You’re not crazy
Brian McLaren
Since my February 13 blogpost in which I looked forward to Brian McLaren’s latest book Faith After Doubt (St. Martin’s Essentials, 2021), I have spent many happy hours thinking over the 238 pages he devotes to this intriguing topic.
I also became deeply engaged in a Porter Books Zoom conversation shared by McLaren and the humanist chaplain at Harvard and MIT, Greg Epstein, during which they called for readers’ involvement on many levels in what turned out to be a spirited debate.
The Zoomers left us in no doubt that Christianity is going through a meat-grinder, but that devoted Christians should recognize the danger of too vigorously shutting out doubts that are natural to many of us. What we need, they said, is constructive help in getting back to the shared high goal of a unified version of faith.

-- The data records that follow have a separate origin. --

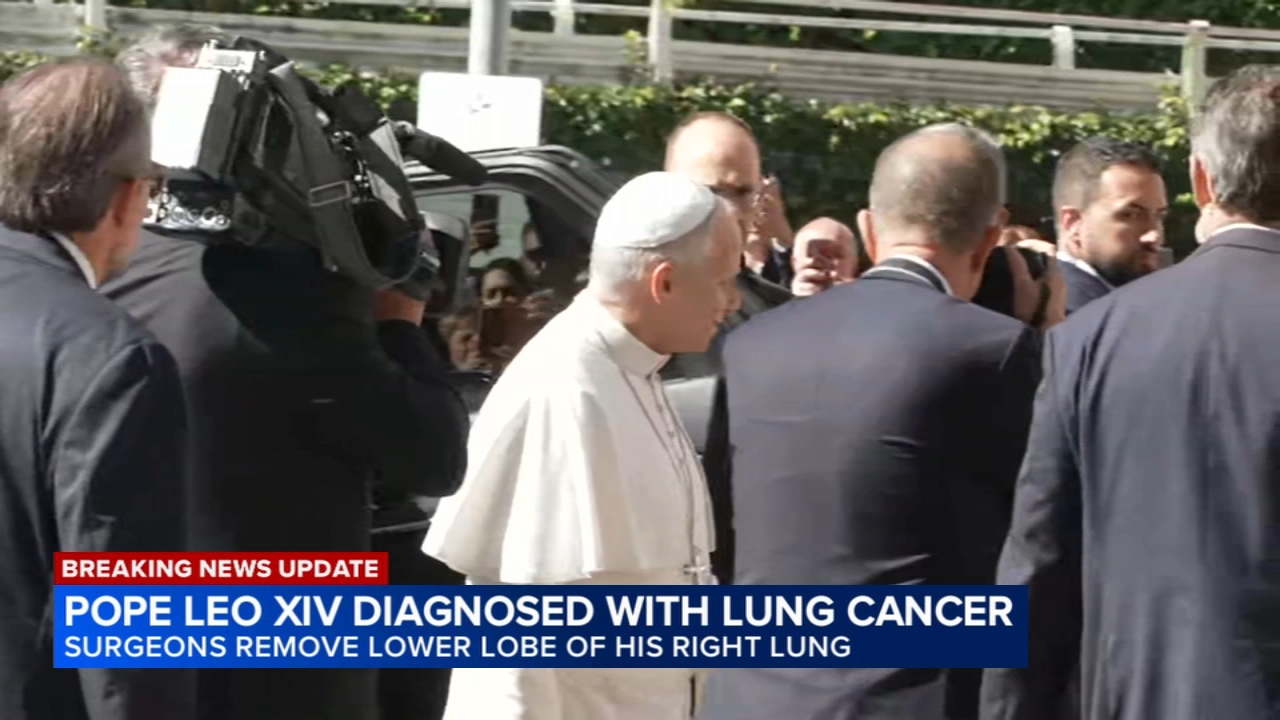 Pope surgery update: Vatican says Pope Leo XIV has lung cancer and the lower lobe of his right lung was removed
       — ABC 7 Bay Area, Sunnyvale Community news
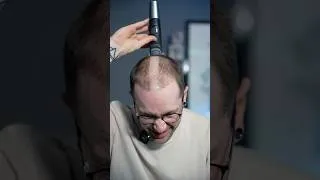 Thumbnail: I Deleted My Hair…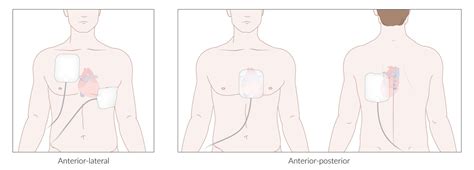 Automated External Defibrillator Pad Placement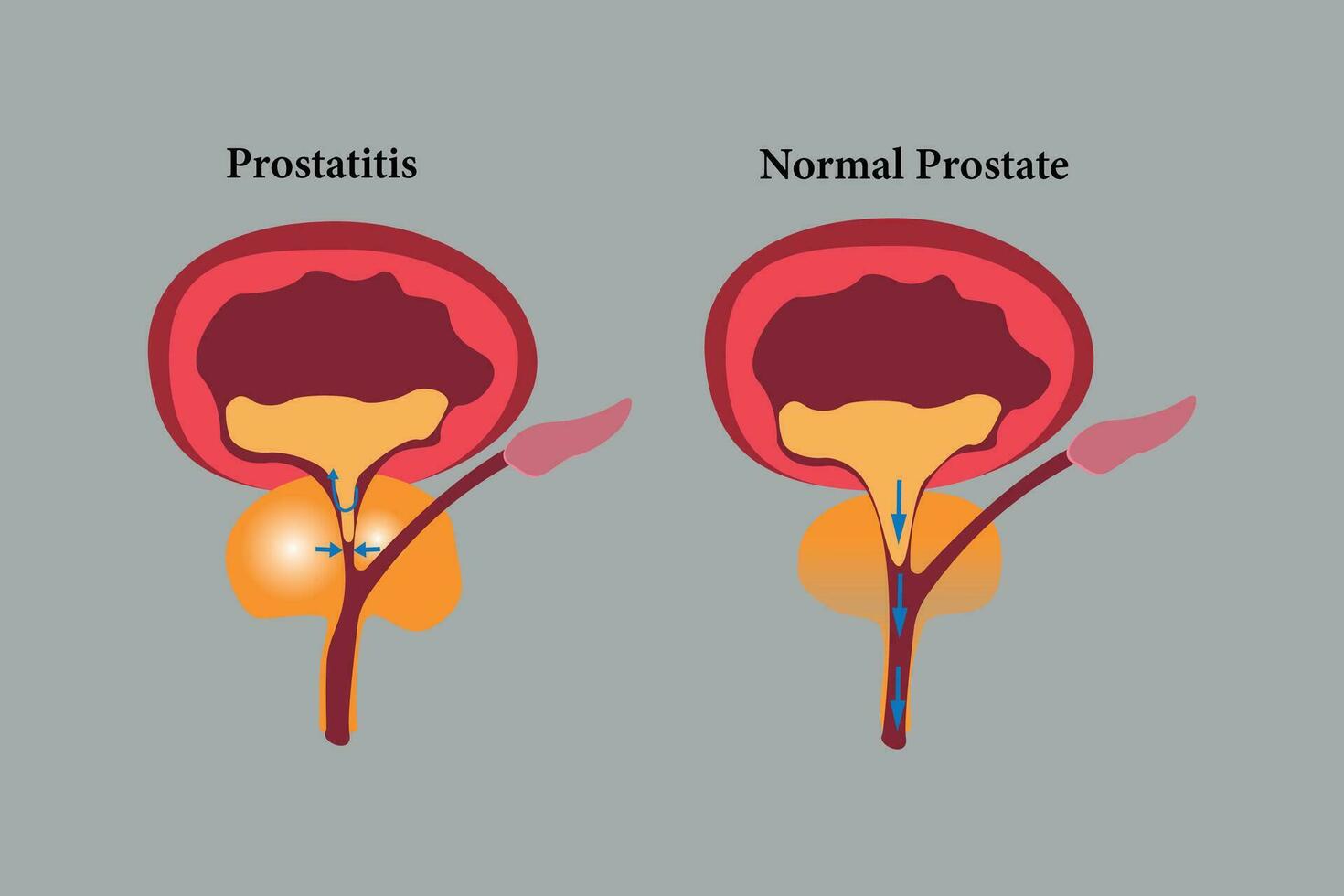 comparation of health prostate and unhealth prostate. prostatitis illustration icon set. eps 10 vector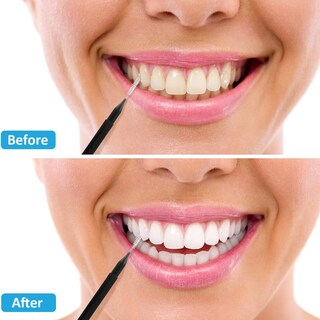 Foto 6 | Foto 6 | Cepillo Interdental Patelai, 100 Piezas, Hilo Dental - Venta Internacional.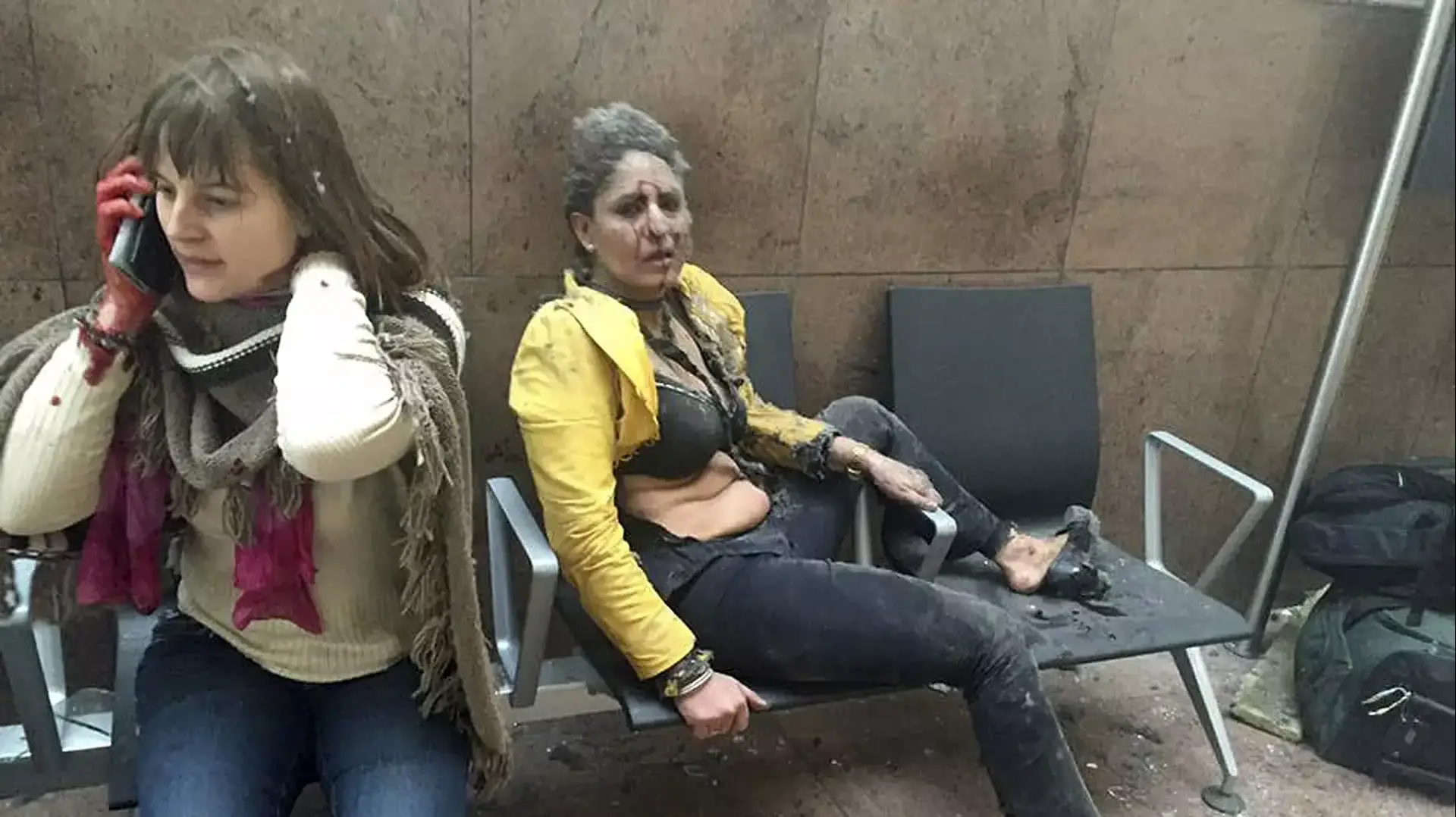 פצועות לאחר הפיצוץ בשדה התעופה בבריסל פצועות לאחר הפיצוץ בשדה התעופה בבריסל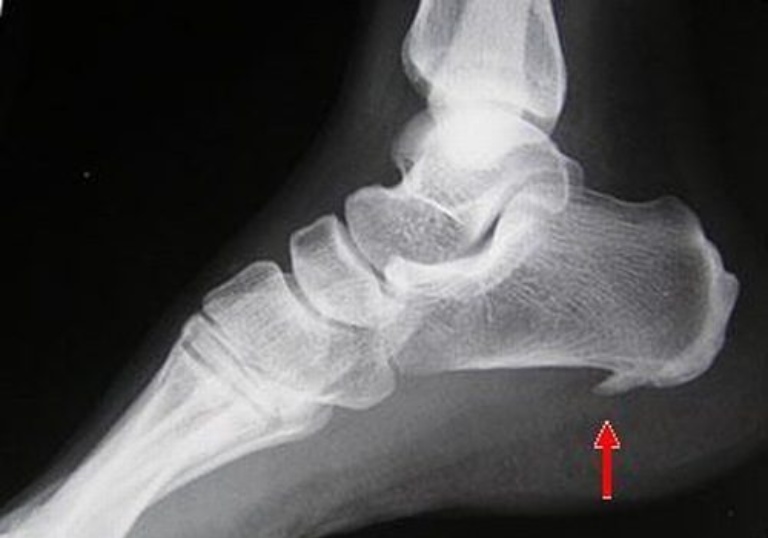 Gai gót chân phát triển lớn sẽ gây ra triệu chứng đau nhức ở lòng bàn chân
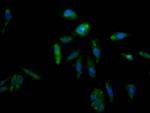 AKR1C3 Antibody in Immunocytochemistry (ICC/IF)
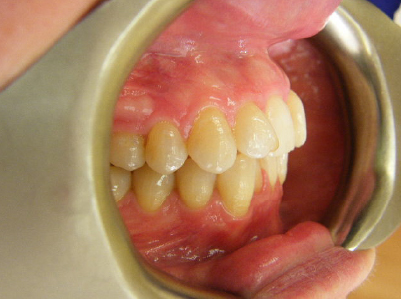 Invisalign-Patient 3-Before-2 invisalign for teens Patient before treatment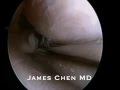 Arthroscopic Partial Medial Meniscectomy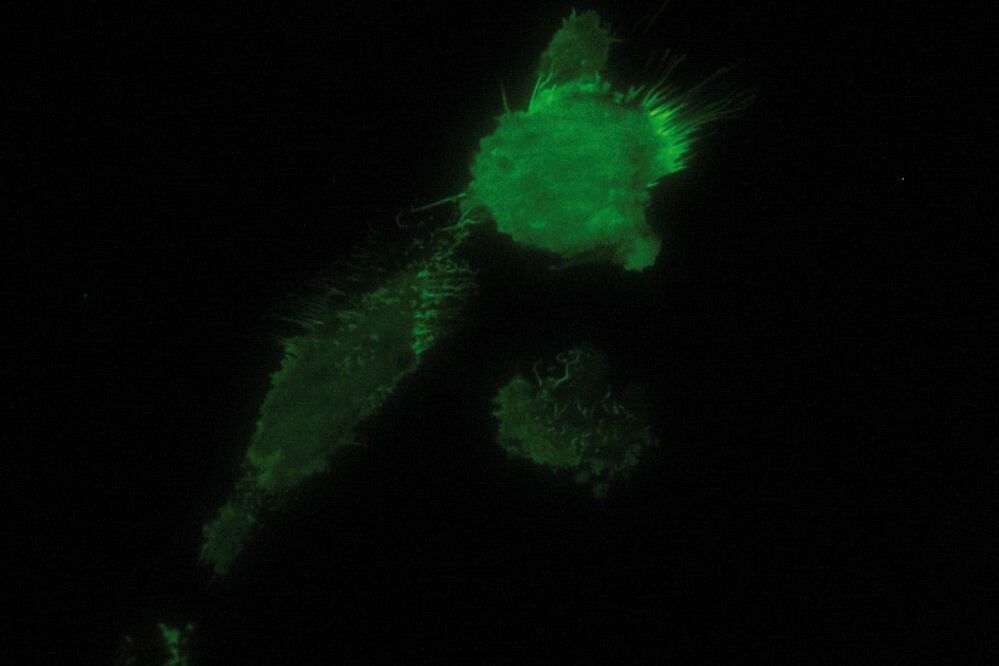TIRF image of brest carcinoma tumor cells expressing GFP tagged cell adhesion Molecule CD44 that is expressed on the cell membrane, imagined in TIRF. TIRF.jpg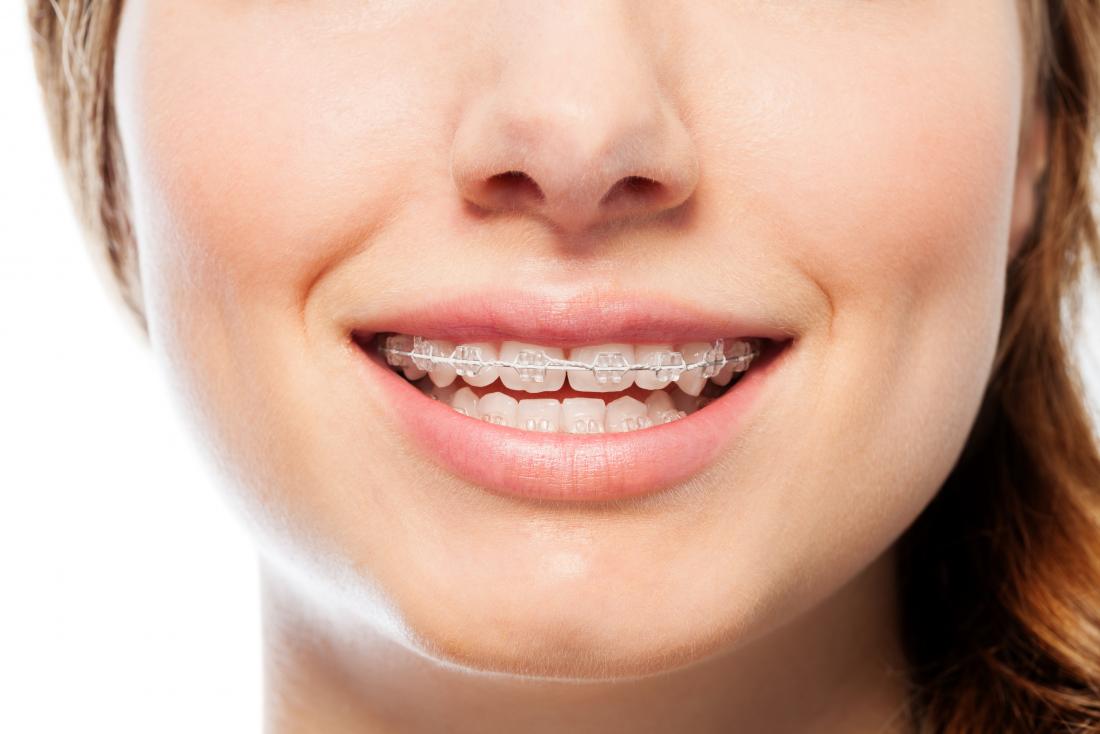 Orthodontic Treatments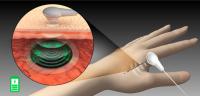 Powering Devices Goes Skin Deep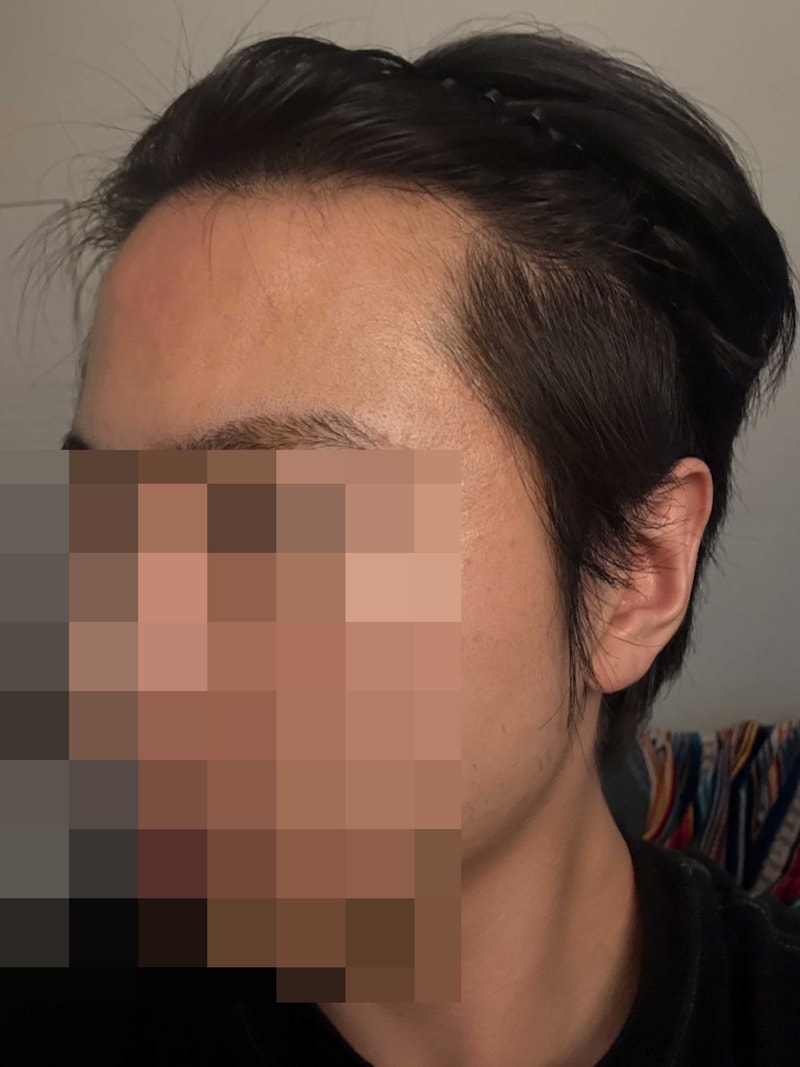 다나성형외과 유승현원장님 추천 / 무삭발비절개 16개월 / 2000모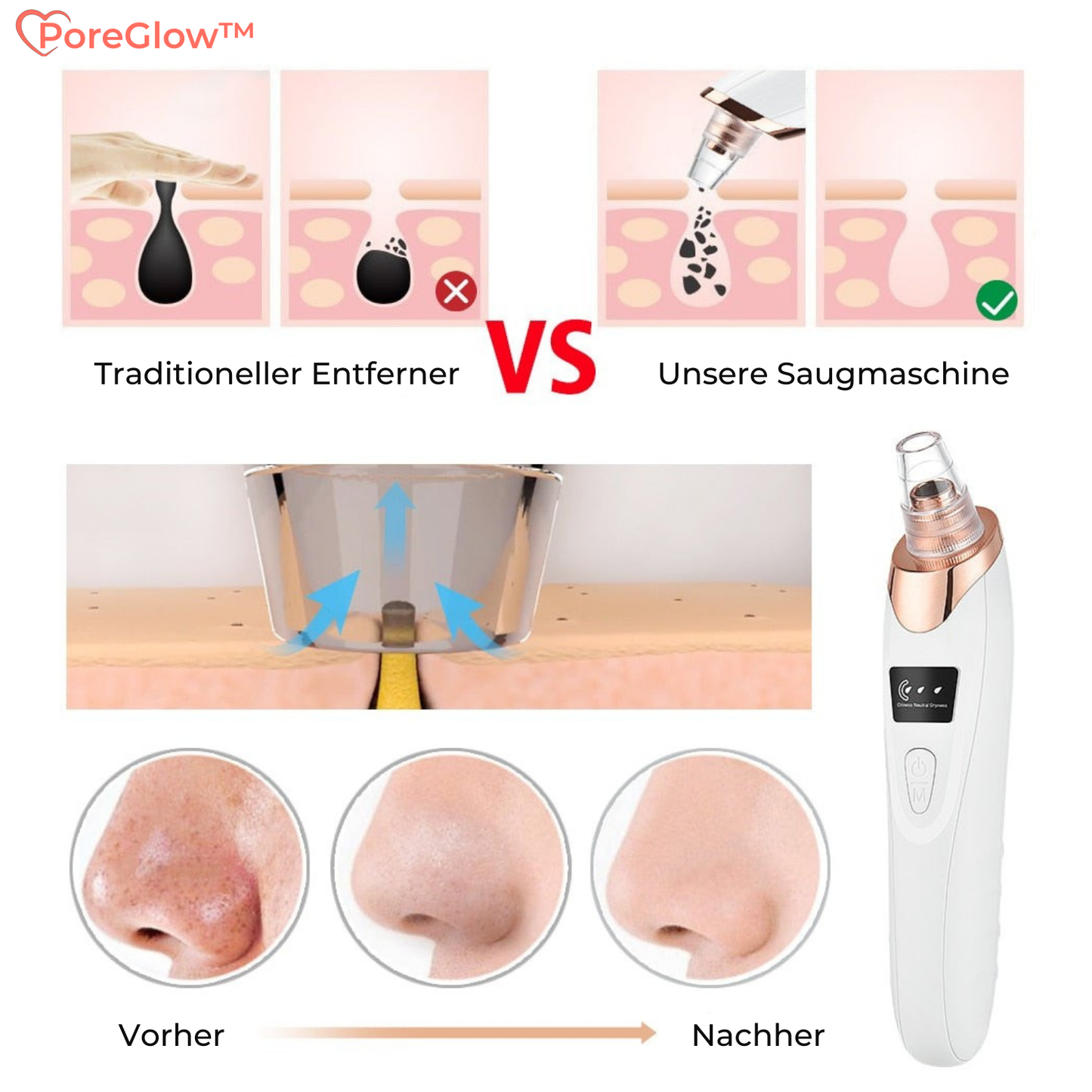 PoreGlow™ – Blackhead Verwijderaar Set voor Diepe Porenreiniging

Too many Christians, they suggested, are obsessed with too high a loyalty to beliefs that cause others to view them as “useful idiots” who are easy to manipulate.
Such Christians, they said, need to associate themselves with a God who is less patriarchal and more flexible, and can help them become the most loving version of themselves possible.
“Right now,” says McLaren in his preface to Faith After Doubt, “let’s grant one another permission to doubt. And let’s see the doubt in ourselves and each other not as a fact or a failure to be ashamed of, but as an inescapable dimension of having faith and being human, and more: as an opportunity for honesty, courage, virtue, and growth, including faith itself.”
If you thought life before doubt was good, McLaren concludes, wait until you see where doubt can lead you and what doubt can teach you.
His new book is personal and gently convincing, mainly because McLaren has just the right credentials to handle the challenges Christians of all ages and in many countries are facing in these restless times.
Twenty-four years leading a non-denominational, innovative community church, took him to the edge of the pastoral trenches, and we know he speaks from intimate experience when he shares the lessons to be learned from others’ frustrations and triumphs.
His accounts match the observation of a preacher McLaren respects, Dr. Jacqui Lewis, who suggests that the stories people gravitate to are the ones that make sense to them, stories that fit, stories that feel they have continuity, connection to the past, where they’ve been.
Lewis says people are looking for the story that doesn’t necessarily change their minds; they’re looking for stories that clarify what’s in their minds.
And that’s precisely how McLaren goes to work. He is an understanding friend from Page One, and perfectly sums things up in a chapter titled You’re Not Crazy and You’re Not Alone:
“Doubt need not be the death of faith,” he writes. “It can be, instead, the birth of a new kind of faith, a faith beyond beliefs, a faith that expresses itself in love, a deepening and expanding faith that can save your life and save the world.”
Clearly, we have work to do!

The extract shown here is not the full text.